#### ACTIVITY
Starting with the line that has "39, SUNNINGDALE ROAD, DUDLEY, DY3" in the records below and ending with the line that has "BX 14 16 -87 Revue Technique Citroen", output those lines exactly and nothing more; omit the pictures.

---- DATA PROVIDED

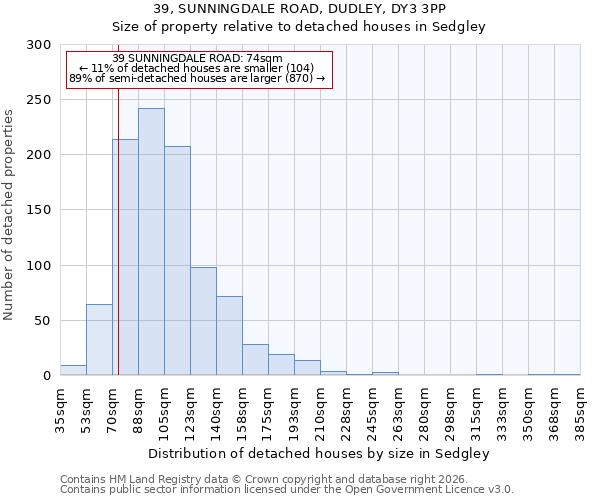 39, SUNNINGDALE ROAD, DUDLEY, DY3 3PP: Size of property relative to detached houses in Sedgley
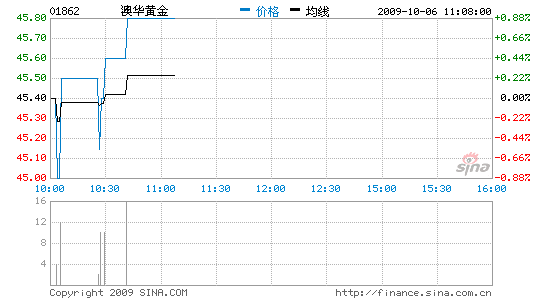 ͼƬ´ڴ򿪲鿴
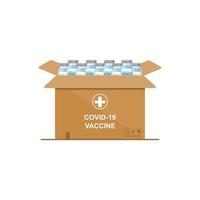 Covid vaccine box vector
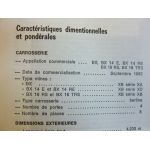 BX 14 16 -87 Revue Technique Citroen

--------
---- DATA PROVIDED

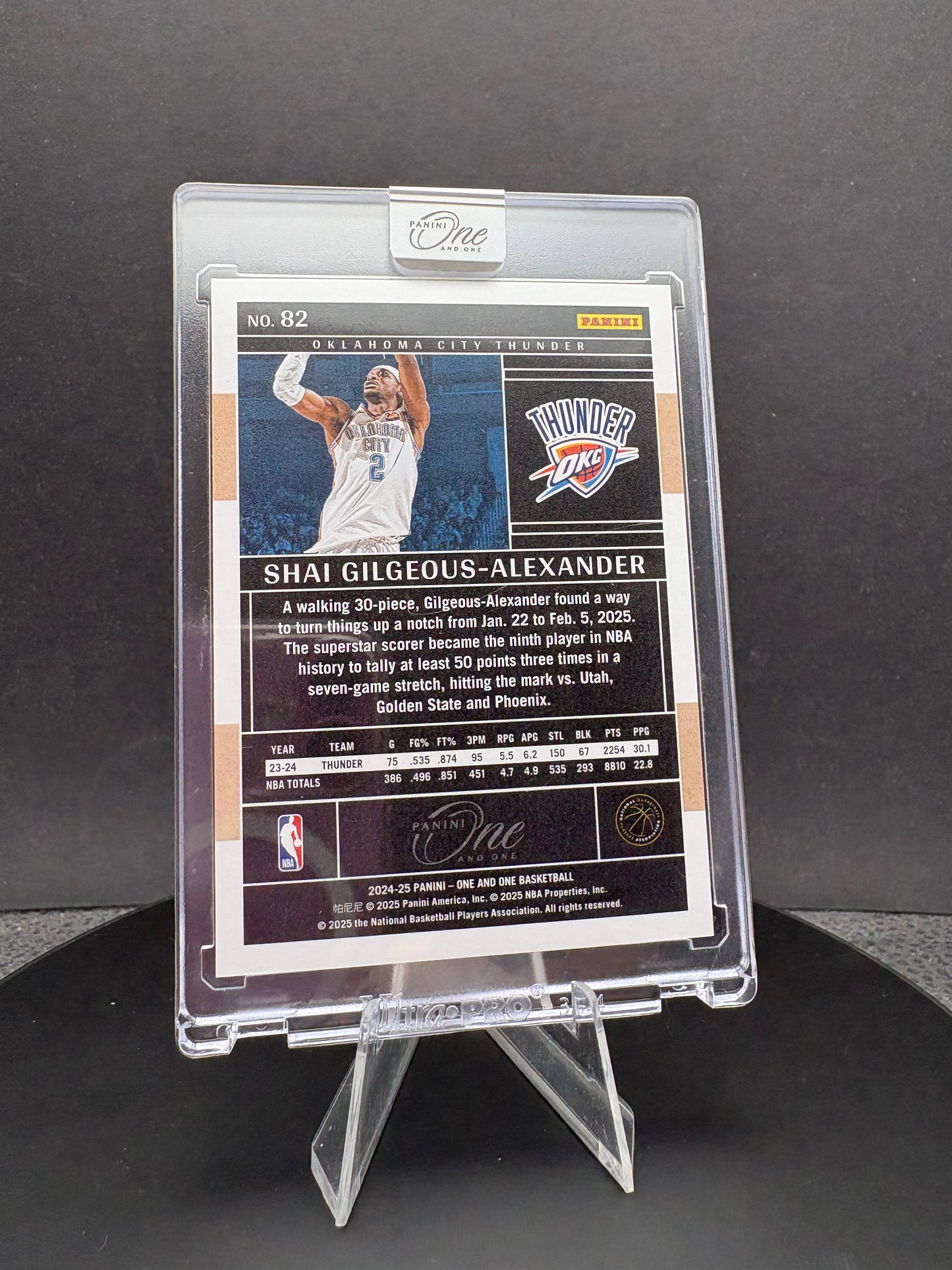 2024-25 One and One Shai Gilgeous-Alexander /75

--------

#### FINAL ANSWER
 39, SUNNINGDALE ROAD, DUDLEY, DY3 3PP: Size of property relative to detached houses in Sedgley
 ͼƬ´ڴ򿪲鿴
 Covid vaccine box vector
 BX 14 16 -87 Revue Technique Citroen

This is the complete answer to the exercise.